_What is being asked_
The part below that opens with the line containing "二手原装经典国三精品雅马哈c8喜发110c排量弯梁摩托车燃油助力车" and closes with the line containing "2025 Ford Bronco Base Photo" should be copied exactly, minus any pictures.

[Captioned web images]
· · · · ·
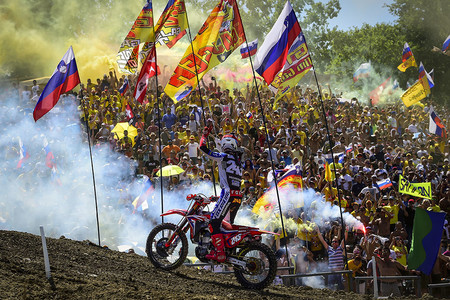 ¡Tim Gajser ya es campeón! Gana en Italia su segundo título de MXGP y Jorge Prado acaricia el suyo en MX2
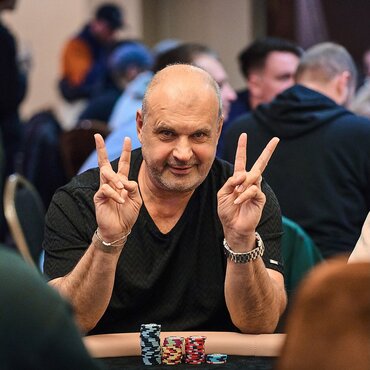 Poker pomáhá fotbalu! Petr Rychlý shání hráče do Baníku!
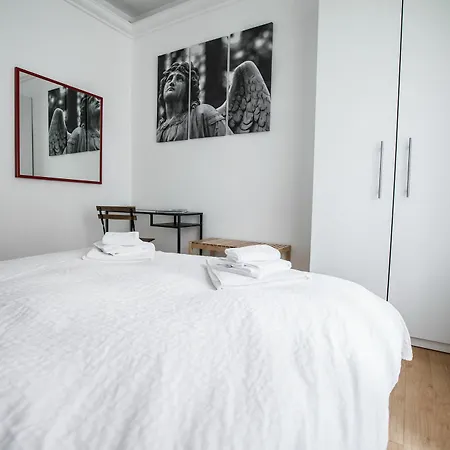 In بيت ضيافة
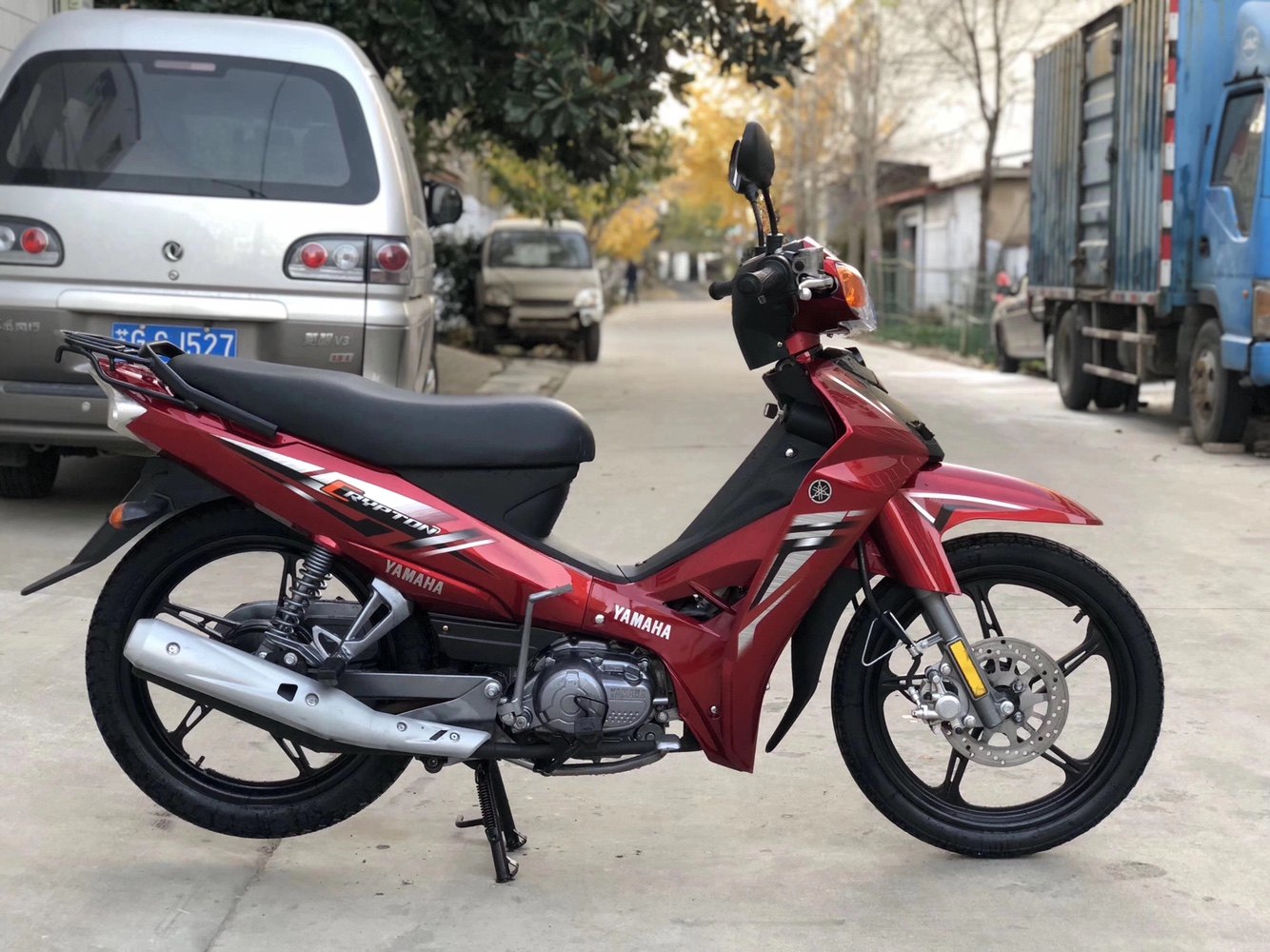 二手原装经典国三精品雅马哈c8喜发110c排量弯梁摩托车燃油助力车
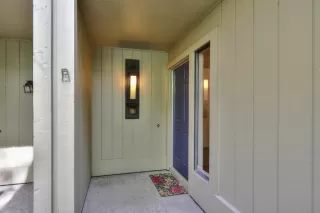 Photo #1: 222053384 Listing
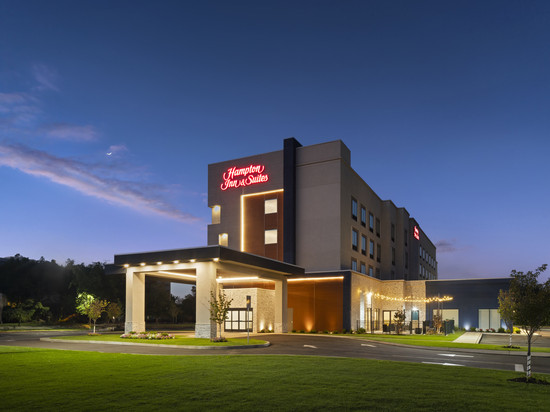 Hampton Inn & Suites 萨默塞特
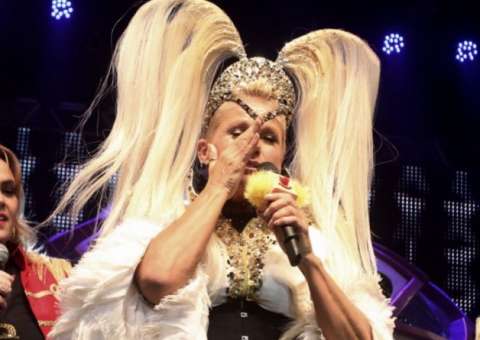 Xuxa Meneghel abandona palco após exibirem vídeo com imagens do pai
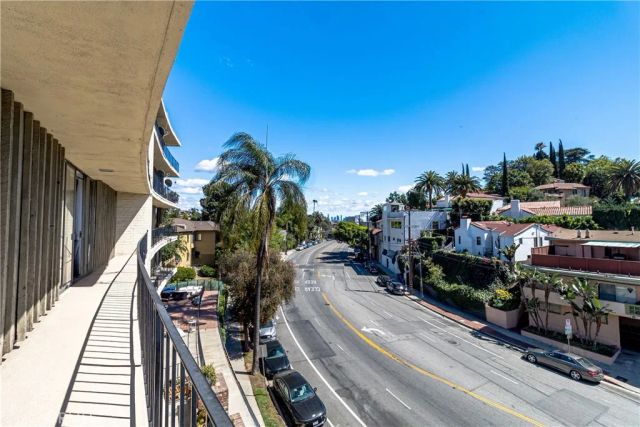 2260 N North Cahuenga Boulevard 302, Los Angeles, CA 90068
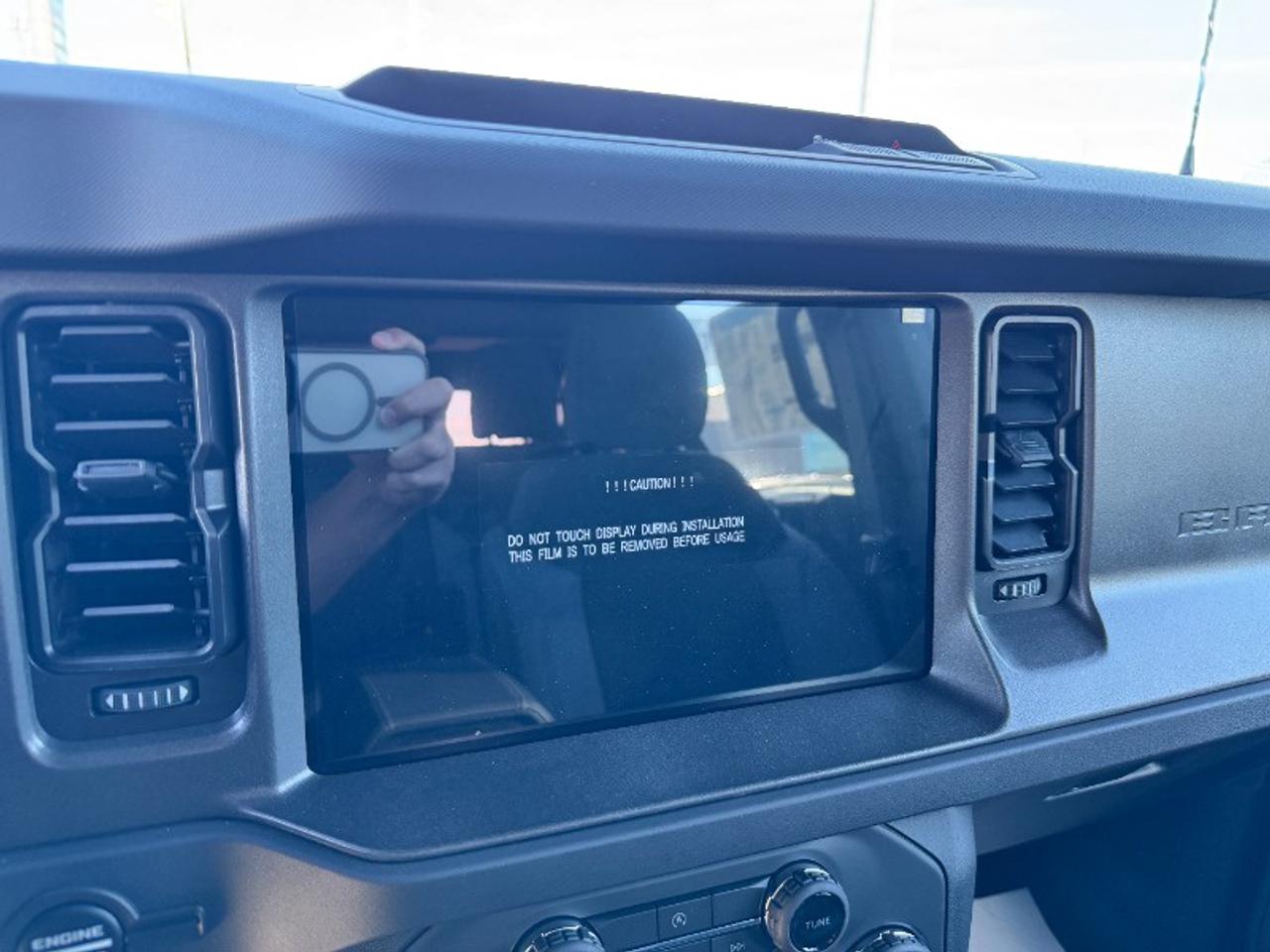 2025 Ford Bronco Base Photo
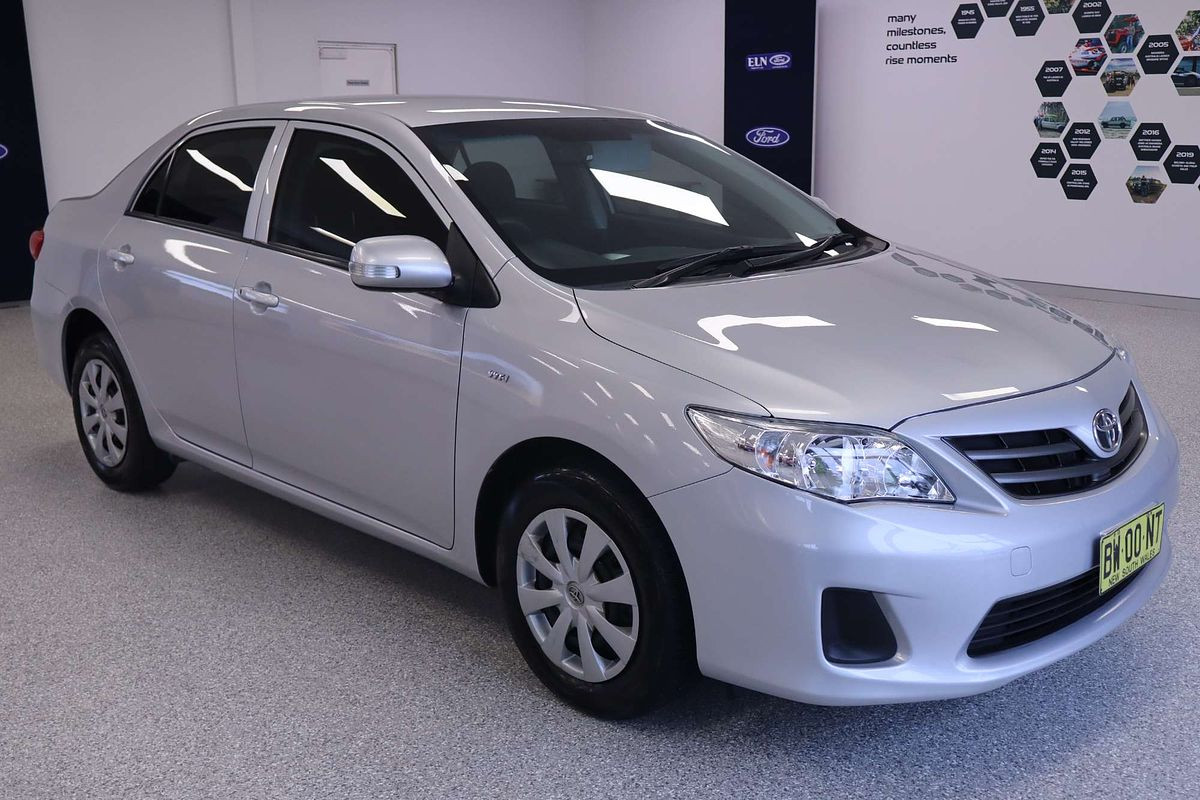 2013 Toyota Corolla ZRE182R Ascent Sedan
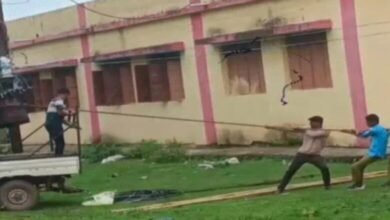 स्कूली बच्चों से मजदूरी – ट्रांसफार्मर खींचवाने का मामला, पढ़ाई रोकी, जान जोखिम में डाली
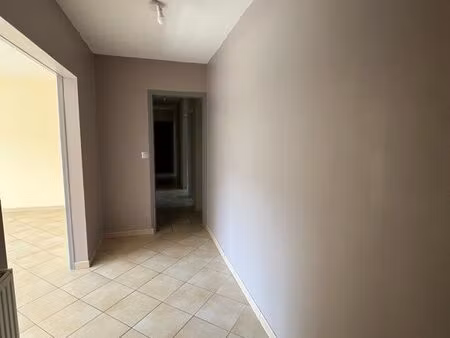 appartement f4 avec terrasse et jardin proche toutes commodités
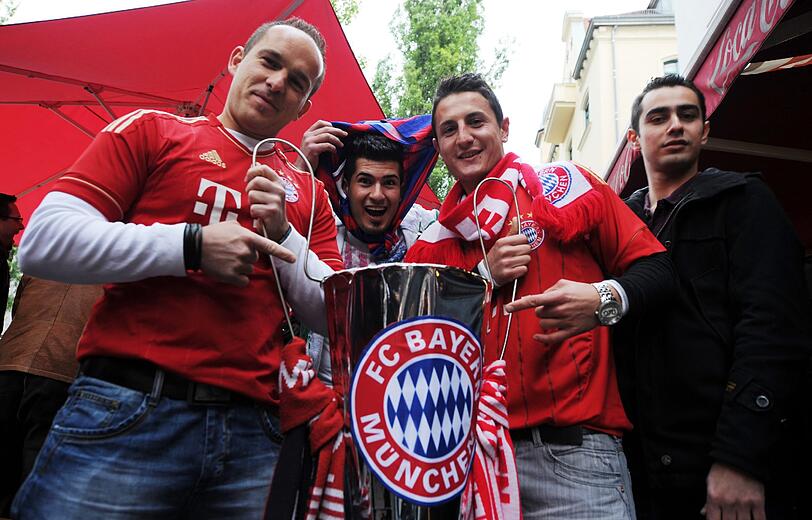 Die große Fan-Party auf der Leopoldstraße in München. Die Bilder.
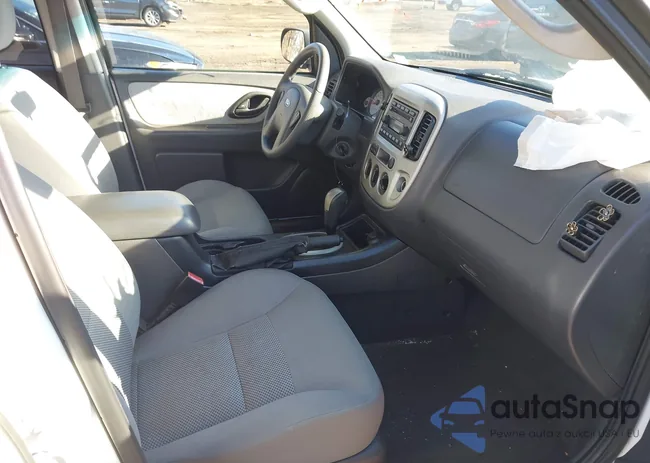 1FMYU03ZX6KA05538: 44204386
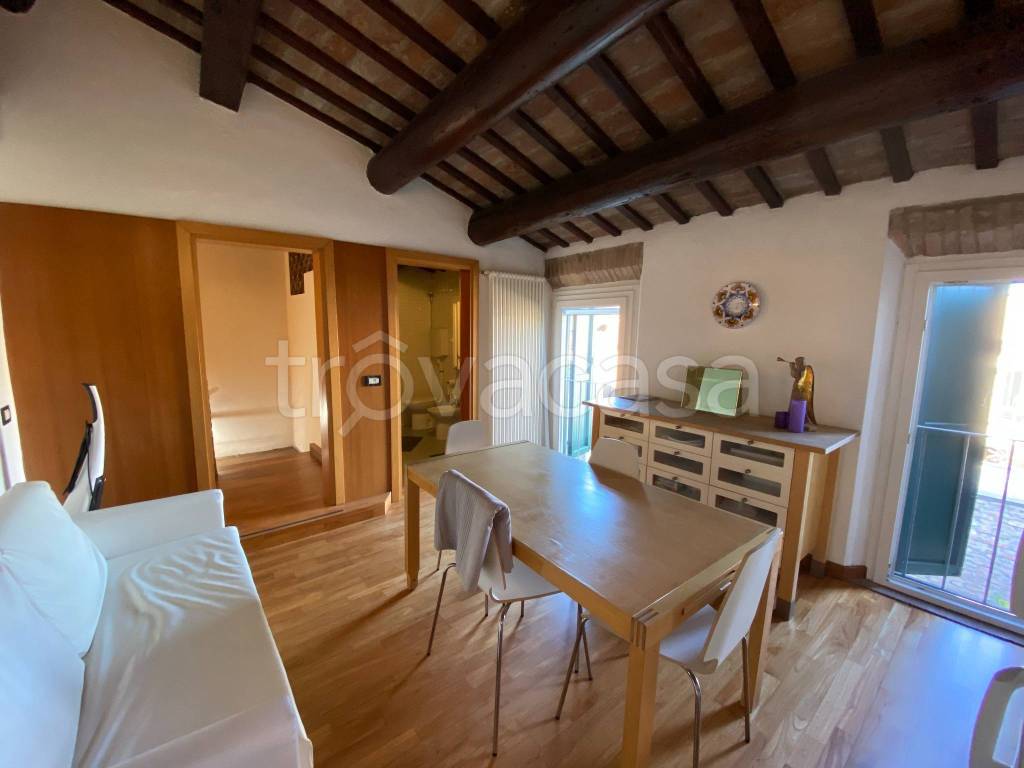 appartamento in affitto a Ferrara in zona Centro Storico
· · · · ·
_Expected answer_
 二手原装经典国三精品雅马哈c8喜发110c排量弯梁摩托车燃油助力车
 Photo #1: 222053384 Listing
 Hampton Inn & Suites 萨默塞特
 Xuxa Meneghel abandona palco após exibirem vídeo com imagens do pai
 2260 N North Cahuenga Boulevard 302, Los Angeles, CA 90068
 2025 Ford Bronco Base Photo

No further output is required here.